Segment Start: Input for this task

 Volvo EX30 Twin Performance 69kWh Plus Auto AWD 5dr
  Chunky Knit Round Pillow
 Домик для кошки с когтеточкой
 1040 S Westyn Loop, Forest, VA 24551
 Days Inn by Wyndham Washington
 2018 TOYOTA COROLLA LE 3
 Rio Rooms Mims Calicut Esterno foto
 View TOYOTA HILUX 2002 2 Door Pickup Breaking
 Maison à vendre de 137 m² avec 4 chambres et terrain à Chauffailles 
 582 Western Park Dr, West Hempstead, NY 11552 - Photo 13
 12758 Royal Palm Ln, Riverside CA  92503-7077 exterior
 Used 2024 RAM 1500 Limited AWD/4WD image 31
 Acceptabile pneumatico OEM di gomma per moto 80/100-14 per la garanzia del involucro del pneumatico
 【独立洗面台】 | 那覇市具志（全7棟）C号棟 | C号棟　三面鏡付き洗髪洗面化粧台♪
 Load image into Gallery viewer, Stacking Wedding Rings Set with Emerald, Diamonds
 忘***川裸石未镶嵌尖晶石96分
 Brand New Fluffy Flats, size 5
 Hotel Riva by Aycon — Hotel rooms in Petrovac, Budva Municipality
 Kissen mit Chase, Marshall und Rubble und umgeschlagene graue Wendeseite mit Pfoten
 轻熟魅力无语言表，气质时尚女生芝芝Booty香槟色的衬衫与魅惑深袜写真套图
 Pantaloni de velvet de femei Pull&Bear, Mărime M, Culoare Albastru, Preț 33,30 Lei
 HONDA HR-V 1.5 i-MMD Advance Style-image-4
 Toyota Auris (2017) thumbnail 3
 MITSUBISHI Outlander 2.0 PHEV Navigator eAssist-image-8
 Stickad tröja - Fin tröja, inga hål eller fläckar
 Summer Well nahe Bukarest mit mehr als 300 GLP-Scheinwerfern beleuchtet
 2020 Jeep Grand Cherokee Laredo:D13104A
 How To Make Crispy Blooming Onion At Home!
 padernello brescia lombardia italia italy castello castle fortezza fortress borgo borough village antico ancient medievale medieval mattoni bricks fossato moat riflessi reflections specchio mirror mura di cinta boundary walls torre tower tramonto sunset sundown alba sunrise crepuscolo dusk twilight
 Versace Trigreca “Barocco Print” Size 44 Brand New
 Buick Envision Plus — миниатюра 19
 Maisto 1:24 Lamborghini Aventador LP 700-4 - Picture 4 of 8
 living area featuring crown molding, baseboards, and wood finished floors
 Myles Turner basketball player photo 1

Segment End: Input for this task

Which lines above run from the one containing "Chunky Knit Round Pillow" to the one containing "Maison à vendre"? Give them again exactly, both ends included.

  Chunky Knit Round Pillow
 Домик для кошки с когтеточкой
 1040 S Westyn Loop, Forest, VA 24551
 Days Inn by Wyndham Washington
 2018 TOYOTA COROLLA LE 3
 Rio Rooms Mims Calicut Esterno foto
 View TOYOTA HILUX 2002 2 Door Pickup Breaking
 Maison à vendre de 137 m² avec 4 chambres et terrain à Chauffailles 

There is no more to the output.